Nachdem wir uns mit Kaffee und Erdbeerkuchen gestärkt haben, fahren wir weiter nach Ahrenshoop. Ein kleiner Künstlerort zwischen der Ostsee und dem Bodden. Auf unserer Suche nach Künstlern, beziehungsweise nach deren Ausstellungen, sehe ich ein Schild: Schifferkirche. Was genau ist denn eine Schifferkirche, frage ich mich? Also Abbiegen von der Hauptstraße und dem Schild nach! In einer Seitenstraße sehe ich die Schifferkirche.

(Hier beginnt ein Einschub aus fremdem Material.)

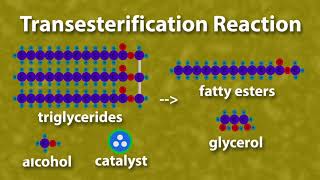 Biodiesel Masterclass What is Biodiesel [upl. by Gerianna971]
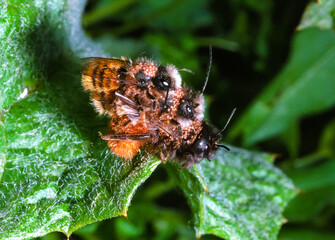 Osmia cornuta - bees with mites on their bodies mate on flowers, southern Ukraine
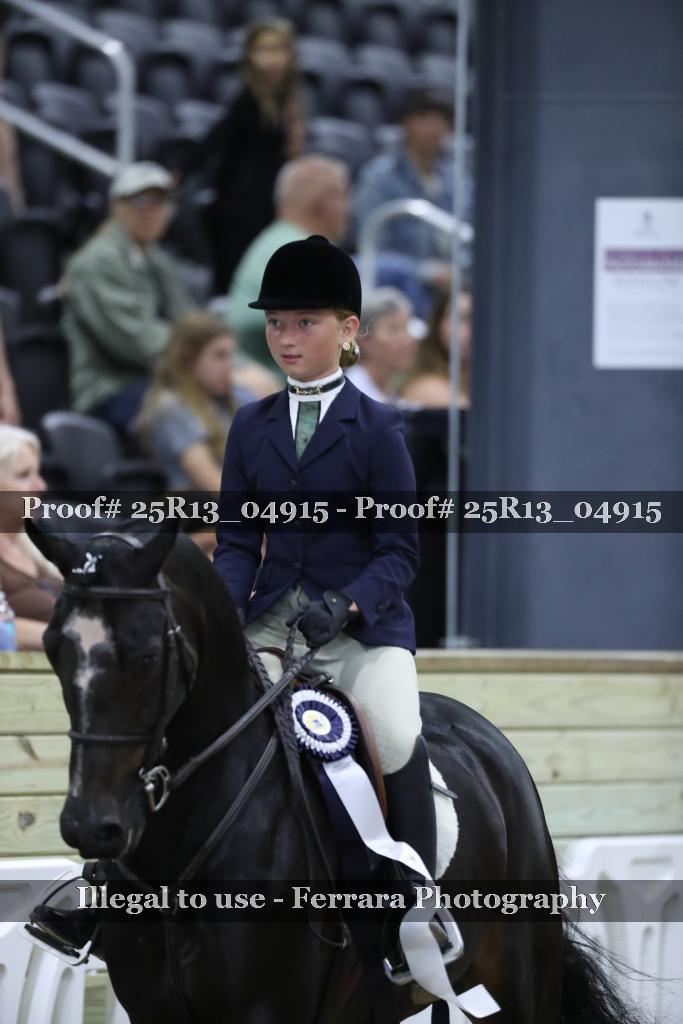 Proof 25R13_04915
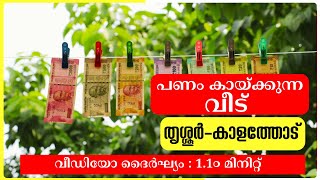 പണം കായ്‌ക്കുന്ന വീട്  മികച്ച വരുമാനം  തൃശൂർ കാളത്തോട് [upl. by Zedekiah]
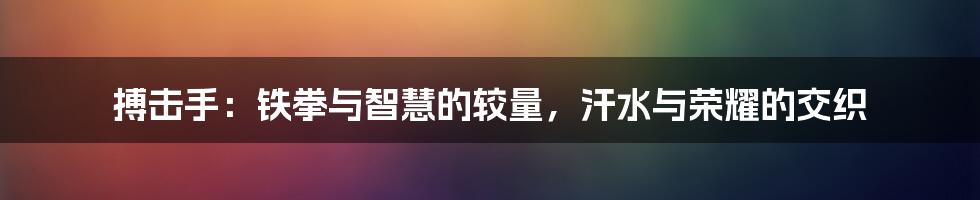 搏击手：铁拳与智慧的较量，汗水与荣耀的交织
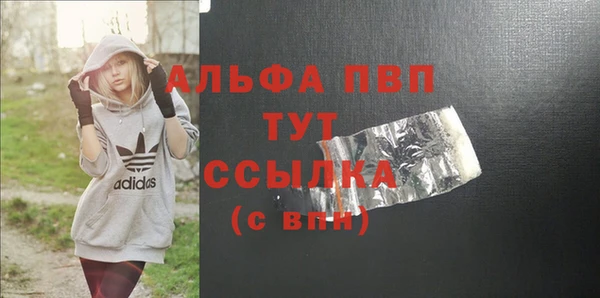 индика Алексин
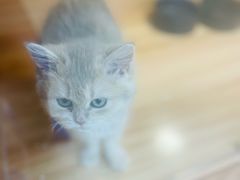 -猫十亿·布偶金渐层·曼基康矮脚猫舍(青年路店)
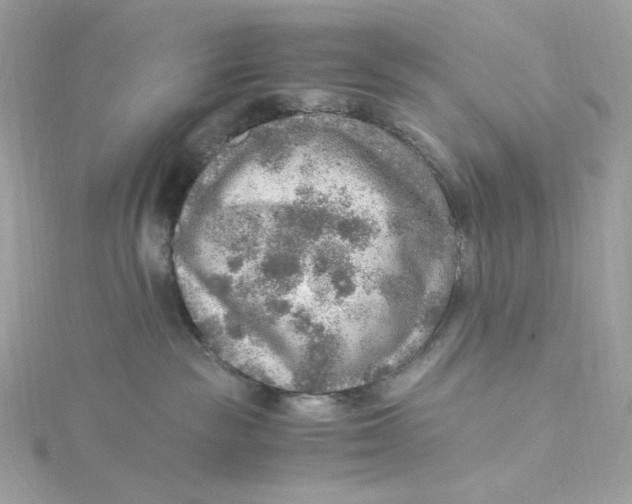 X0000115440189200911251254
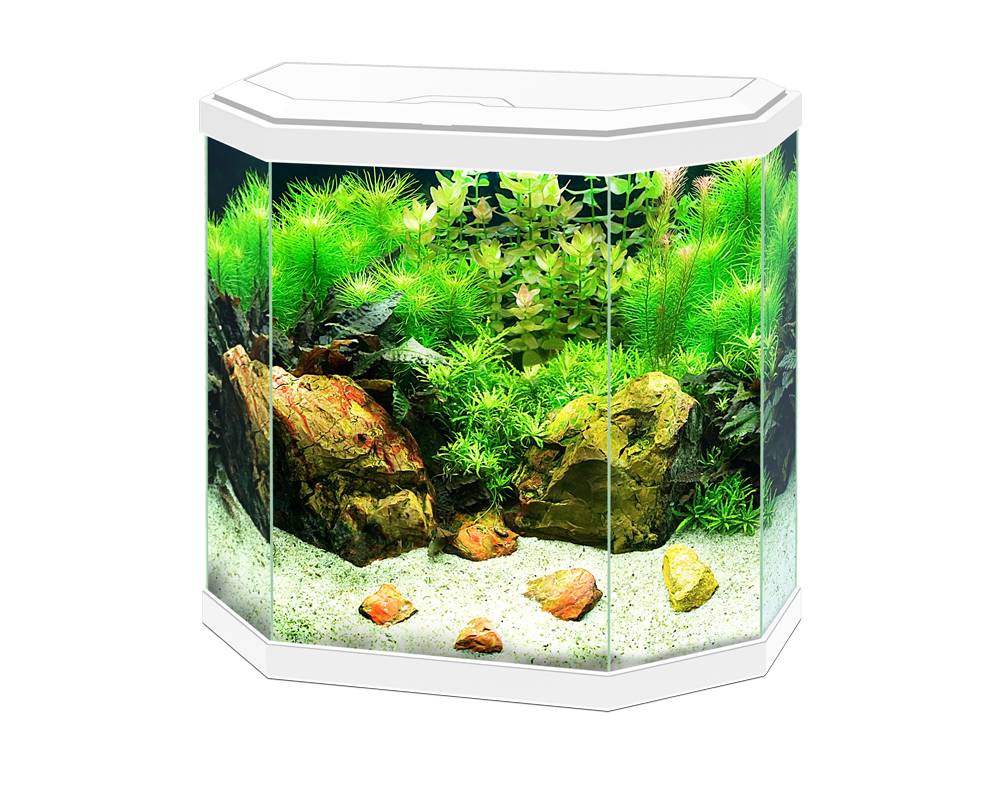 Ciano Aqua 30 LED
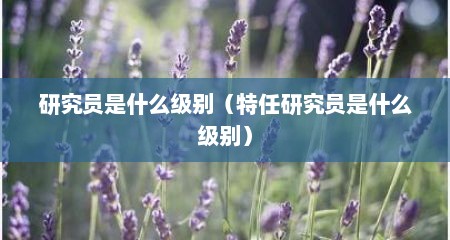 研究员是什么级别（特任研究员是什么级别）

Zuerst denke ich an den Rumpf eines gekenterten Schiffs. Doch die Kirche ist spricht mich an: ein schöne Holzkonstruktion mit elegantem Reetdach. Sie hat so was Bodenständiges, Erdendes. Auch innen ist sie ganz schlicht gehalten. Die Holzkonstruktion mit der Idee des Schiffsrumpfes spiegelt sich wider. Für uns Bayern ist das ein ziemliches Kontrastprogramm. Bei uns sind die meisten Kirchen überfrachtet mit Figuren, Bildern und mit viel Gold. All das fehlt hier komplett. Der einzige Schmuck sind vier Segelschiffe, die links und rechts von der Wand hängen. Ich kenne mich überhaupt nicht mit Schiffen aus, aber ich finde sie schön gearbeitet, mit viel Liebe zum Detail.
Bei genauerem Hinsehen stelle ich fest, dass jedes der Schiffe für ein Motto steht: Glaube, Liebe, Hoffnung und Frieden. Der Wunsch steigt in mir auf, dass diese Segelschiffe um die Welt segeln und in diesen unruhigen Zeiten ihre Wortbestimmug überall verbreiten.

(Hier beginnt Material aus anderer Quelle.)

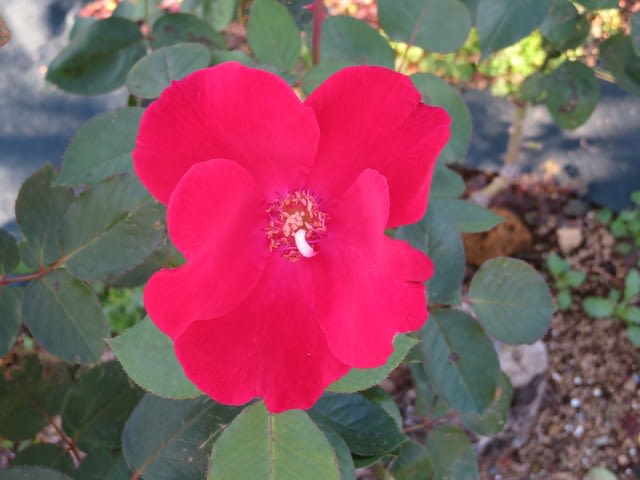 一重の赤バラとしてはごく初期のバラ ベスビアス 薔薇シリーズ167 野の花 庭の花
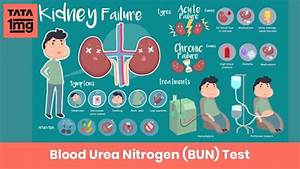 Blood Urea Nitrogen Bun Purpose Normal Range Of Results 1mg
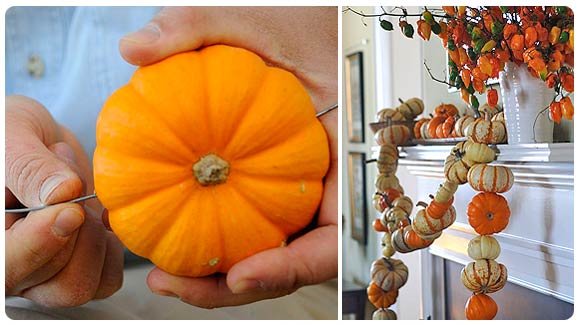 Seed Saving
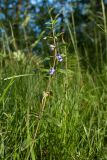 Scutellaria galericulata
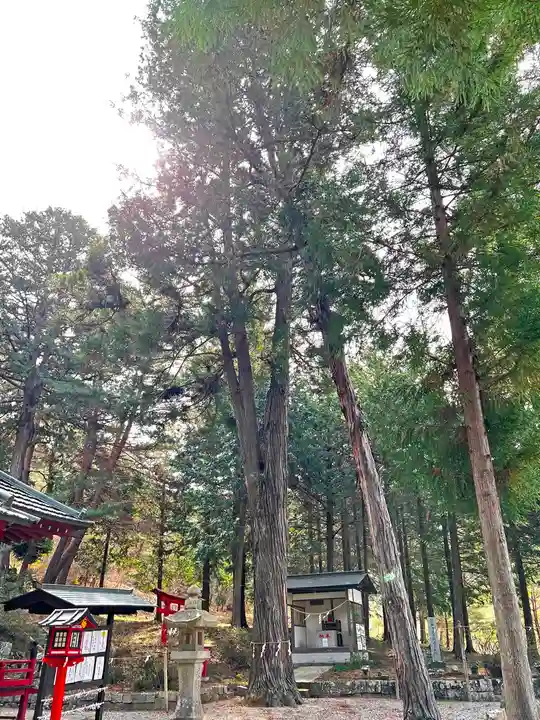 一宮浅間神社の自然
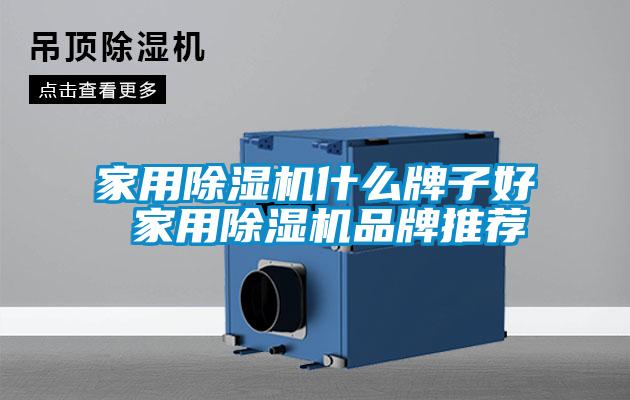 家用除濕機(jī)什么牌子好 家用除濕機(jī)品牌推薦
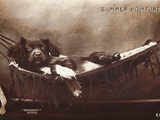 Summer Comfort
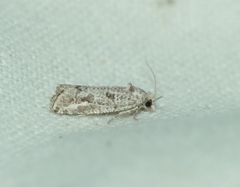 Lobesia helichrysana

Die Suche nach Künstlern im Künstlerdorf geht weiter. Beim Schlendern durch den Ort bemerke ich ein Pferd aus dem Augenwinkel. Ein Pferd? Mein Reiterherz schlägt eine Spur schneller! Bei näherer Betrachtung wird aus dem vermeintlichen Pferd ein Pegasus, der mit seinen Flügeln eine Figur beschützt.

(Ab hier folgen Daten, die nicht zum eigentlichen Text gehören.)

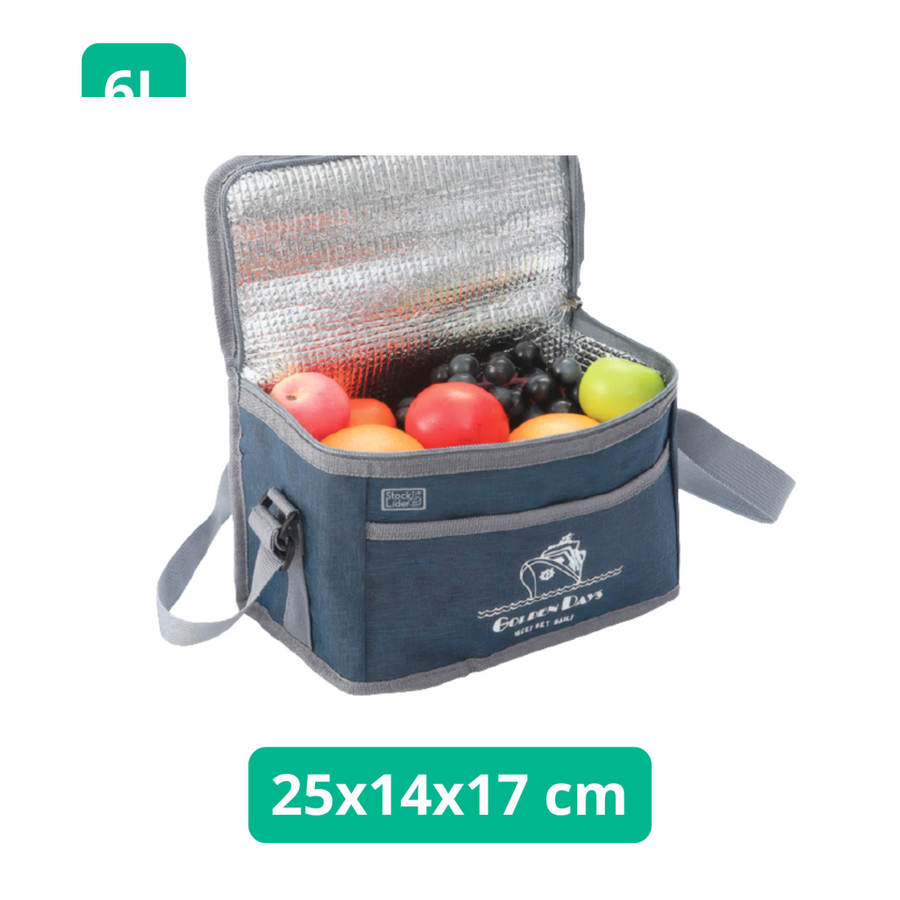Nevera isotérmica 6L portátil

Ein Schild verrät mir, dass die Skulptur von Ingeborg Hunzinger (3. Feb.1915 - 19. Juli 2009) zwischen 1990 und 1997 aus Terzit geschaffen wurde. Für was steht ein Pegasus? Abends im Hotel lese ich mich in die Lebensgeschichte von Ingeborg Hunziger ein. Sie hatte jüdische Wurzeln und musste daher aus Deutschland fliehen, wie so viele in der grausamen Nazi-Zeit. Sie blieb allerdings in Europa, was mich beim Lesen überrascht. In den späten Kriegsjahren kehrte sie sogar zurück nach Deutschland und lebte im Hochschwarzwald. Ihr Leben war geprägt von Kunst und Kultur; Bildhauerei und Töpferei waren ihre Leidenschaften. Leider habe ich nichts Konkretes über diesen Pegasus und den Mann gefunden, auch nicht, wieso die Schaffenszeit sieben Jahre dauerte. Nur so viel: ein Pegasus kann symbolisch für die Künste stehen und diese Aussage kann ich mir vorstellen. Noch etwas Besonderes fällt mir an diesem Tag auf. Bei genauerem Hinsehen greift der Mann nicht nach den Sternen, sondern nach dem Mond.
Sinnbildlich steht „nach dem Mond greifen“ für etwas Unmögliches verwirklichen wollen. Ich finde diesen Gedanken schön. Es ist meine unerwartete Entdeckung in Ahrenshoop: Kraft, seinen Weg weiterzugehen und die Hoffnung nicht aufzugeben!
Wir haben als Bayern neue Einsichten gewonnen: Nein, auch bei zwei Metern über dem Meeresspiegel bekommt man keine nasse Füße, Kirchen ohne überbordenden Schmuck können auch schön sein und Leuchttürme sind Backbord „rot“, oder wie war das nochmal?